## [To do]
The material below has pictures in it. Set down only the lines from the line containing "Modern Haven |" through the line containing "Photo of 3628", word for word, and leave the pictures behind.

## [Data to process]
※ ※ ※

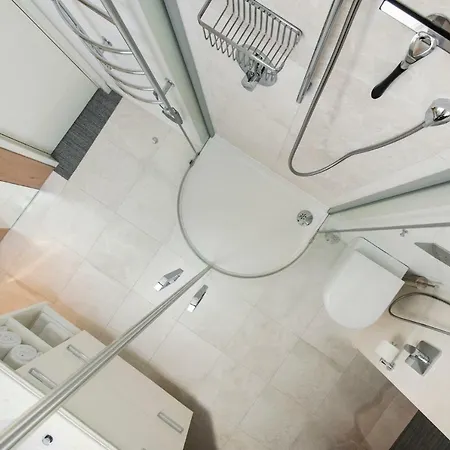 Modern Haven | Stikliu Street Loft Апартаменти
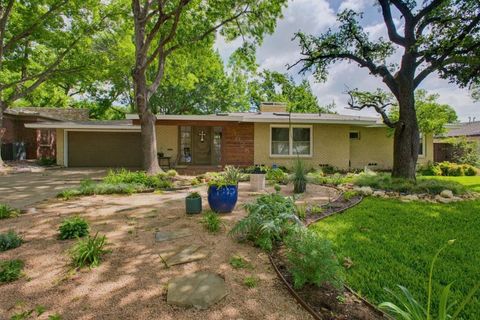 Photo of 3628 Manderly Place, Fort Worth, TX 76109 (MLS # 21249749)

※ ※ ※

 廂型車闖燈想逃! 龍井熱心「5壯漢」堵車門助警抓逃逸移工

※ ※ ※

## [The completed task]
 Modern Haven | Stikliu Street Loft Апартаменти
 Photo of 3628 Manderly Place, Fort Worth, TX 76109 (MLS # 21249749)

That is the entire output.